The moment you bring your attention to it, nothing can stay. Like the movement of water along a stream, the thought, feeling, and emotion can not stay.

Annica, (impermanence) as the Buddha called it.

If we begin to accept our current situation and not try and get out of it – because all ways of getting out of something is a rejection, a pushing away – is the moment that we can actually be attentive to what we are experiencing.

Our continual avoidance of what we are experiencing happens in subtle ways. We always wish to make it better, more pleasant, not as painful and in doing so we only perpetuate the experience because we give it more life – by the simple fact that we wish it to be something else.

The story never ends.
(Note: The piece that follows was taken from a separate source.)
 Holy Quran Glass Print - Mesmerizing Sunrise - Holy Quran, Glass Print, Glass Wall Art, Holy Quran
The only way to break the cycle is to bring your attention to whatever it is that is there. Have you noticed that the moment you look intimately at something, everything begins to fade.
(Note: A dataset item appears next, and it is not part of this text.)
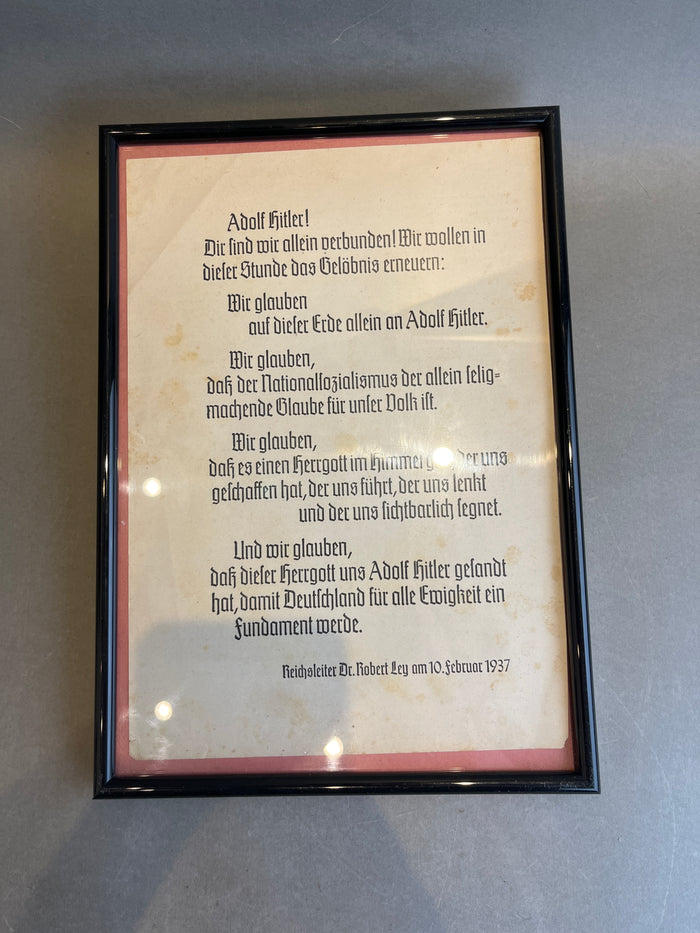 WW2 Tysk NSDAP Udklip/Plakat i nyere ramme. Illustrativ. Original.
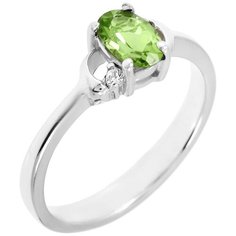 Balex Кольцо 1405933668 из серебра 925 пробы с хризолитом природным и фианитом, размер 17.5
In that moment, attention becomes attentive. Attention needs no object to exist. This becomes noticeable the moment we bring our attention to the tip of the pencil, or the movement of the ladybug on a blade of grass.

Yes, we are aware of the object in front of us, but in that moment, we may begin to see intimations of something else.

That something else is awareness. That quiet screen in which all phenomena appear.

See Also

Get to the root of things

We often want to do away with what we don’t like. We don’t like anger, and when it arises, we feel it shouldn’t be there, or we wish we were peaceful. In order to go beyond that emotion, we must understand what is actually happening.

We must get to the root cause of anger.

People want to drop anger, without understanding that they are wanting to drop a symptom – anger is only a symptom.

One never gets over a symptom by addressing the symptom, you must come to the cause. You must find the cause.

The cause is always in plain sight.

The desire/aversion you have for that object is always the issue. It is never the object’s fault. It has never done anything.

We blame the object as if it is the cause of our frustration. But it’s not the object’s fault – it’s the subjects’.

The subject is the only one with the problem. Whenever there is a problem, it’s because something came up that isn’t what the subject wants; find the subject and there is no more problem.

The subject is always the one that has its opinions about the anger. It will tell you a hundred and one stories about the anger, where it came from, what it’s doing, why its justified, but all of that is just a reaction of the anger itself.

There are no two things here really. There is no anger outside of your feelings for it.

In other words, your reaction to your own feelings is the cause of anger – not the object.

You are the cause.

What to do about it?

When it the midst of a storm, never take any action when the negative emotion is possessing you; just wait.

Don’t act when anger has taken over, as you will create a chain of reactions to which there will be no end. Anger begets more of itself.

Anger can also be a great opportunity. It is great energy. That same energy can destroy and can be creative.

This is not repressing the negative, but just watching it. There is a big difference.

It’s also not about ignoring it. It’s not about needing to force a smile when you are angry.

It’s all about understanding.

Anger, comes and goes, unhappiness comes and goes. Everything changes, all the time, with nothing remaining the same.

Anger has come – it will be going. Just wait.

Don’t force; wait for it to come down on its own.

This is the secret, this is the true alchemy, the true transformation of lead into gold.

Where poison becomes nectar.

That is what the ancients called it amrita.

Transforming your poisons into nectar. Changing your greed, anger, or fear – into the base metal. The same thing that was once your disease becomes your medicine.